Each of these bas-relief carvings has an animated mouth with a permanent
magic mouth spell cast upon it. When any party member comes within three feet of one of these faces, the mouth will move and it will say with a bass, mournfully dire tone: "TURN BACK ... THIS IS NOT THE WAY!" This will be repeated endlessly each time the same or another individual comes within three feet. If any member watches the stone mouth, he or she will note that it has something glittering within it. Each mouth has a gem in it. The colors are, from left to right, amber, purple (amethyst), pale blue (aquamarine), deep red (garnet), olive green (peridot), and dark pink (tourmaline). Regardless of which is taken first, the first gem is worth 1,000 gp. The others, although just as large, are flawed and worth but 100 gp each. The stone of these faces is very hard and nearly impossible to break. Each mouth will bite for 1d10+2 points of damage if anyone attempts to take the gem within. A
command spell or a demand for the gem will not avail. However, if any character simply asks the face to stick out its tongue, or any similar request, the face will obey. The mouth will open, the sound "AAAHHH" will be heard, and the gem will be on the tongue. If characters attempt to speak with a visage, it will only repeat its deep-voiced warning. However, if the word "truth" is used in any question or demand, then each face will lie and state majestically: "MY WAY IS THE RIGHT WAY." Only the visage in the far southeast, beside the 2' wide passageway south, will say anything different. That mouth will speak as follows: "I WATCH THE ONLY WAY!"
*****
I've considered putting this room in a homebrew dungeon, but I wasn't sure how it would turn out in play. The Players in my game seem to always taken an inordinate amount of time with such "trick" situations. Or they completely ignore them and just move on.

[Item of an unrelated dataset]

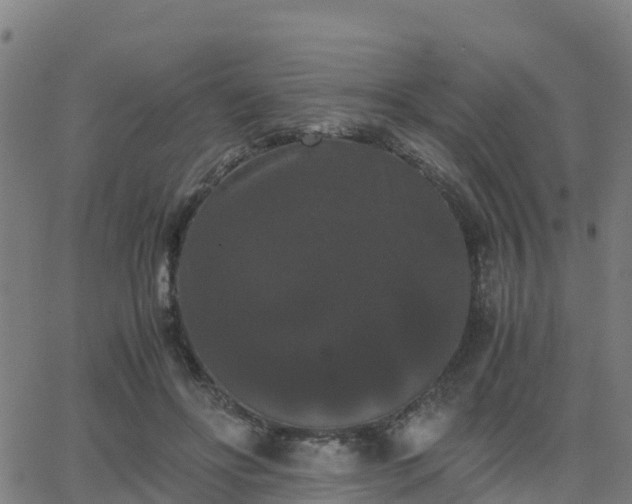 X0000062830502200601201616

And then there are a couple things that just confuse me about this dungeon creation style:
The first gem taken, regardless of which one it is, is worth 1,000 gp. One, I dislike this kind of gimmick -- like, "the second coffin the PCs open will have a wight" and such. Two, how would the PCs know what any of the gems were worth (no Appraisal skill in AD&D1)?
Getting the gem and/or the information from the faces requires the Players play guessing games without ever knowing whether playing the guessing game will actually do them any good. They have to say just the right word or phrase to the faces. And for one of the guessing games, they then have to play another guessing game to figure out the real answer.
I've come to dislike scenarios where the Players can waste an hour or more of game time just "screwing around" with essentially useless stuff. Getting 1,500 gp worth of gems and a hint as to the direction of the rest of the dungeon complex just isn't worth the effort, I think.
So I'm hesitant to use this scene in my game.